Liam Lawson delivered a career-best Formula 1 performance in front of a roaring European crowd, bringing his Racing Bulls machine home in a superb sixth place amid high drama, searing heat, and a one-stop strategy gamble at the 2025 Austrian Grand Prix.
On a day where four drivers, including reigning World Champion Max Verstappen, failed to finish, Lawson showed racecraft, patience, and composure beyond his years, navigating a chaotic race that saw two McLarens battle for supremacy, Ferraris falter, and strategy calls make or break points-paying positions.

And at the front, Lando Norris claimed a historic victory for McLaren, their first at the Red Bull Ring since David Coulthard in 2001, leading teammate Oscar Piastri home for a memorable 1–2.
Tension was in the air even before the formation lap. William’s Carlos Sainz was stranded on the grid with a gearbox failure, stuck in first gear. Marshals rushed to his aid, and he eventually got moving, but rules dictated he had to start from pit lane.
What came next stunned the paddock: as he came to a stop at the exit of pit lane, the rear brakes of his car ignited, flames engulfing the rear of the car before finally being extinguished, and pushed back to his garage. His race was over before it began.
Race Control abandoned the start and delayed proceedings by 10 minutes. The field would now contest 70 laps instead of the scheduled 71.
As the lights went out, Norris launched cleanly off pole, while Verstappen got a flyer off the line from P7 and was already pass Lawson through Turn 1.
But it all unravelled in seconds at Turn 2. Mercedes rookie Kimi Antonelli braked too late and locked up, colliding into Verstappen’s right rear. The Dutchman’s car was too severely damaged from the heavy contact, his first retirement of the season sealed in front of tens of thousands of stunned fans. Antonelli was also out on the spot.
Lawson was caught in the middle of the melee. Antonelli’s rear clipped Lawson’s front wing as he squeezed through the narrowing gap, but the Kiwi miraculously avoided any major damage. Still, he lost crucial ground, dropping from his P6 grid slot to ninth by the time the Safety Car was deployed. Antonelli was later given a three-place grid penalty drop for causing a collision, which he will serve next weekend in Silverstone and also received two penalty points.
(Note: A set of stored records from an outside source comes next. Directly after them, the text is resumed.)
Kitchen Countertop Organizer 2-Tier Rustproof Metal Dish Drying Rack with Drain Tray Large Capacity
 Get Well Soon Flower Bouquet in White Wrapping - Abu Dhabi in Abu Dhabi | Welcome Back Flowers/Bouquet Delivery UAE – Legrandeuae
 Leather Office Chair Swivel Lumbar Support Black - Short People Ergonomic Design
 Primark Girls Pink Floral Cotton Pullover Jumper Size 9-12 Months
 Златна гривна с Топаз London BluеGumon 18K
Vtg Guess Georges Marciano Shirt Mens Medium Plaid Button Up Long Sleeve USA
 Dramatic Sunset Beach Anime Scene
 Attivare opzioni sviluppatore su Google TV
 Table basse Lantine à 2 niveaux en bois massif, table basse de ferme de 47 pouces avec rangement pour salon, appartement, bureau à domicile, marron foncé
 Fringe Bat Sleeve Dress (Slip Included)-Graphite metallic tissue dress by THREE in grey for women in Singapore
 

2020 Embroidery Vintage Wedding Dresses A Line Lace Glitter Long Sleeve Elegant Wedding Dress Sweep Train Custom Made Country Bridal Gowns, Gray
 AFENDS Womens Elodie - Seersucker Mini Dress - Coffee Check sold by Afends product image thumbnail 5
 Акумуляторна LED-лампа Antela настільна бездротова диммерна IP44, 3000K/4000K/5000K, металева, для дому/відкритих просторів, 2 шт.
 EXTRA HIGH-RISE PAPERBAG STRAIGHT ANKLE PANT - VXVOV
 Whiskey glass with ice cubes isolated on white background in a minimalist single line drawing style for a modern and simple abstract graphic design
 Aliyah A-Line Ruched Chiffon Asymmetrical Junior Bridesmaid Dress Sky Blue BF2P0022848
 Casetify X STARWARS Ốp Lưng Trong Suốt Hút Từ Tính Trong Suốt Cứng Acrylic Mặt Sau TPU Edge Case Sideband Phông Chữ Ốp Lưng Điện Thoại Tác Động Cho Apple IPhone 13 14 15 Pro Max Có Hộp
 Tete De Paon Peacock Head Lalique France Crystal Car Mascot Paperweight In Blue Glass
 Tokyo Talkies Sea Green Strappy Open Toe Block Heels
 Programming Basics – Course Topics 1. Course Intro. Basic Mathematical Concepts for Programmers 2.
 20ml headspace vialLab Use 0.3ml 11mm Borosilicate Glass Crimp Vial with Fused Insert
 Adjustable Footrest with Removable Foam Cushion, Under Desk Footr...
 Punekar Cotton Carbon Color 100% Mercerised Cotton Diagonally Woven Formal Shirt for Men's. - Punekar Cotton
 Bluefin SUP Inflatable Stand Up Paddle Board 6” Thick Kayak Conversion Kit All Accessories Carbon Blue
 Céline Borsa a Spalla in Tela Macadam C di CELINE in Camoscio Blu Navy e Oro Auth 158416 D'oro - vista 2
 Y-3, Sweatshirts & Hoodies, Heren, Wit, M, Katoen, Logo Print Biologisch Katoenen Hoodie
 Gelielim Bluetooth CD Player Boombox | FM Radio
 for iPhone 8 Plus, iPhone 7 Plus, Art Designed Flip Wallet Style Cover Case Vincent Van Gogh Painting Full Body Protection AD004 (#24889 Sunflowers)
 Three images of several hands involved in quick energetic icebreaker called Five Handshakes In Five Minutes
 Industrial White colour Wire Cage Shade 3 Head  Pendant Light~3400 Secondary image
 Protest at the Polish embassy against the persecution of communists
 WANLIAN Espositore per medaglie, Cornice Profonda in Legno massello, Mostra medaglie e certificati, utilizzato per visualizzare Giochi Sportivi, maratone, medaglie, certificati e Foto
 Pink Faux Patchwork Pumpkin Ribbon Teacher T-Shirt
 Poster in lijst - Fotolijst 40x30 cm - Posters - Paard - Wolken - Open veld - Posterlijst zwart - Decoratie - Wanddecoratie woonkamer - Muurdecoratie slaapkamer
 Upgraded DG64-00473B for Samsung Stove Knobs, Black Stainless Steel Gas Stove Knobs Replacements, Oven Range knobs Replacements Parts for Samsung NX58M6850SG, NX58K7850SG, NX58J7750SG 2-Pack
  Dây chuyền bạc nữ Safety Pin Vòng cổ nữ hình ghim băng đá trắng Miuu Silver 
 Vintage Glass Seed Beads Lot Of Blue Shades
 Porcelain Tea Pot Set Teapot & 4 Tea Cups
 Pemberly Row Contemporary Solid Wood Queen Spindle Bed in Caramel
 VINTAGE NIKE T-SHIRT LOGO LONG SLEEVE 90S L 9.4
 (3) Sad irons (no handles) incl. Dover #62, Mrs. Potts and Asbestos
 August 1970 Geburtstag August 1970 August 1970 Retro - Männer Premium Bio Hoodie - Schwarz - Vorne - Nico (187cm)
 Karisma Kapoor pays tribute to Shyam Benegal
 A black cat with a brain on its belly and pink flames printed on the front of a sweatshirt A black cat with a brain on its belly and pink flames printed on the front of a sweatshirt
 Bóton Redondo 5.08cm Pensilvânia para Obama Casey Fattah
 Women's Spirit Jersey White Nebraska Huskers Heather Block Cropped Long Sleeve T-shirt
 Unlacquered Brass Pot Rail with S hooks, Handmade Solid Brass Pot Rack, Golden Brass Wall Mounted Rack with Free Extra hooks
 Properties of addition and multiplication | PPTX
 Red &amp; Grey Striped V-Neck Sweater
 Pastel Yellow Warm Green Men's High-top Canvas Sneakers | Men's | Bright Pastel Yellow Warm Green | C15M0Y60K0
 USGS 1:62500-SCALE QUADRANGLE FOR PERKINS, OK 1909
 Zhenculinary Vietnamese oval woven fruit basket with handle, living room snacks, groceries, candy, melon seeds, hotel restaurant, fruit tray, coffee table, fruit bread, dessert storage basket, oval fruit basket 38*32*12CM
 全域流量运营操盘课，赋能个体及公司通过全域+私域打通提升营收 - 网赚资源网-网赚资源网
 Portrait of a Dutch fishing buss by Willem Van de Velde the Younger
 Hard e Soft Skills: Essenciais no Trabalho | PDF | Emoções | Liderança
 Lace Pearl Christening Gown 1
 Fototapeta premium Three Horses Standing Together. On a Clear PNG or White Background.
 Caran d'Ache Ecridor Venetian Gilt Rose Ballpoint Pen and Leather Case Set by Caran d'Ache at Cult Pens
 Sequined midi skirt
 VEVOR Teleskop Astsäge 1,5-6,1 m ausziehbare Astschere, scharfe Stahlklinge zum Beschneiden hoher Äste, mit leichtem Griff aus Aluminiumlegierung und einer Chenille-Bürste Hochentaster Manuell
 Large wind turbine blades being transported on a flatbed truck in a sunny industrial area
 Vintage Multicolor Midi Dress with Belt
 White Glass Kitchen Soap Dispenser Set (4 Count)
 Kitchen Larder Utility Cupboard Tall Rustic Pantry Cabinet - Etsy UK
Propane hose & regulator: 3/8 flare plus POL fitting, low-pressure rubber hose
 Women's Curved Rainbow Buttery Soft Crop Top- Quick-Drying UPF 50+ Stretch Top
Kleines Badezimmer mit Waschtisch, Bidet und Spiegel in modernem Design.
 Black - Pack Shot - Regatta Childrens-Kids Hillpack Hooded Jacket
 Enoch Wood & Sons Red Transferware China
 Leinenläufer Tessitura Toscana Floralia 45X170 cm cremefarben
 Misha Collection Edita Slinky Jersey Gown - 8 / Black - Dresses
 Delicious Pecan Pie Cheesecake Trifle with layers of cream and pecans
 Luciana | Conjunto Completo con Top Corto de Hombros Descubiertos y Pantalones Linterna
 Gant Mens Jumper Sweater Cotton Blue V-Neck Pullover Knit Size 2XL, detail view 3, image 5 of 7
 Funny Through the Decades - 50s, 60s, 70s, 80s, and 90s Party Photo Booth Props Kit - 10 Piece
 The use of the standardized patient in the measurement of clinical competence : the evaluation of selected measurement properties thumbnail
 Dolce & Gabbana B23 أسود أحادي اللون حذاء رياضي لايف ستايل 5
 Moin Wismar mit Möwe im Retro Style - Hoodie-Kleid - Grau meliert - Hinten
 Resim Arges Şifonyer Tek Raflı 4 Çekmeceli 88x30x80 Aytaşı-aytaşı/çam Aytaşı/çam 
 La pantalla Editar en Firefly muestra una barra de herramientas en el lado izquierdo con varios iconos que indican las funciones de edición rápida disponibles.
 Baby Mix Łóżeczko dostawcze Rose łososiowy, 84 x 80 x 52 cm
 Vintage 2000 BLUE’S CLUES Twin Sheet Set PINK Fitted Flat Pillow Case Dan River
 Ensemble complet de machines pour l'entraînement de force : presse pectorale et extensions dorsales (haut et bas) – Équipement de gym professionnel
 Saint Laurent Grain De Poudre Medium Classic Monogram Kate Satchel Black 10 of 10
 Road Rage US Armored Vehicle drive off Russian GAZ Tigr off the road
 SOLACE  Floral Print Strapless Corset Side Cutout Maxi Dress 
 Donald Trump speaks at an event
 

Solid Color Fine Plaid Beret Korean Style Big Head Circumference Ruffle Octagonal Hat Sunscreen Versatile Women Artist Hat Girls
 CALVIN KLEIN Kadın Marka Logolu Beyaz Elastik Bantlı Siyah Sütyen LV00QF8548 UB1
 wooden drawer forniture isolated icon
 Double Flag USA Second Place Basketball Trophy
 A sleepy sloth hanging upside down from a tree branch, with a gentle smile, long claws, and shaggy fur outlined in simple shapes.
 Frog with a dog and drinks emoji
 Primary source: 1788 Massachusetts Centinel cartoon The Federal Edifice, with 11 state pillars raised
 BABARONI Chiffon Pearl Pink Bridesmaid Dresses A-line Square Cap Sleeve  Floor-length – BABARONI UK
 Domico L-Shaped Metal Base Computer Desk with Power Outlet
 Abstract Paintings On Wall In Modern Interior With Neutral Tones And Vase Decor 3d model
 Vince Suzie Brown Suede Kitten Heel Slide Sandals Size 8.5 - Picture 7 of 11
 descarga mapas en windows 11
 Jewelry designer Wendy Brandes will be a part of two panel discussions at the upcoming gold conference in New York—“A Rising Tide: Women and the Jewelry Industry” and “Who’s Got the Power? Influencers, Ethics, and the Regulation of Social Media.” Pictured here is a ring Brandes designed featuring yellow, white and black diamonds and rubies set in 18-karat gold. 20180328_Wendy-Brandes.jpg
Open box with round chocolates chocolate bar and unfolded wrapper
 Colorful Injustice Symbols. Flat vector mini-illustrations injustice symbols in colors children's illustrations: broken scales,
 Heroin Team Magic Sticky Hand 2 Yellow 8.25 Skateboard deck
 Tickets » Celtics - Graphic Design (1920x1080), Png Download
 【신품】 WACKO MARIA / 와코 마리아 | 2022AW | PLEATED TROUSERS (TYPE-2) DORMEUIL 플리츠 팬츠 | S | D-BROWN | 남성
The restart on Lap 4 saw Norris lead Piastri, Leclerc, Hamilton, and Russell. Lawson ran ninth behind Bortoleto and Albon, now in the thick of the midfield fight. With temperatures soaring, 30.6°C ambient and over 50°C on track, tyre management became critical.
Up front, the two McLarens began a race of their own. By Lap 10, they were 4.5 seconds clear of the rest, Piastri glued to Norris’ gearbox. The Australian launched a move for the lead, overtook Norris briefly, then lost the position again as the pair traded blows in a sensational intra-team scrap.
Behind them, Lawson was fending off Fernando Alonso while also watching his mirrors for undercuts. His teammate Isack Hadjar, who had taken an early gamble to pit under the Safety Car and switch to mediums, had dropped to the rear.
By Lap 14, Albon, Gasly and Colapinto had begun the pit cycle. Albon, running strongly in sixth, soon reported car trouble and was forced to retire, a devastating double DNF for Williams after Sainz’s earlier withdrawal.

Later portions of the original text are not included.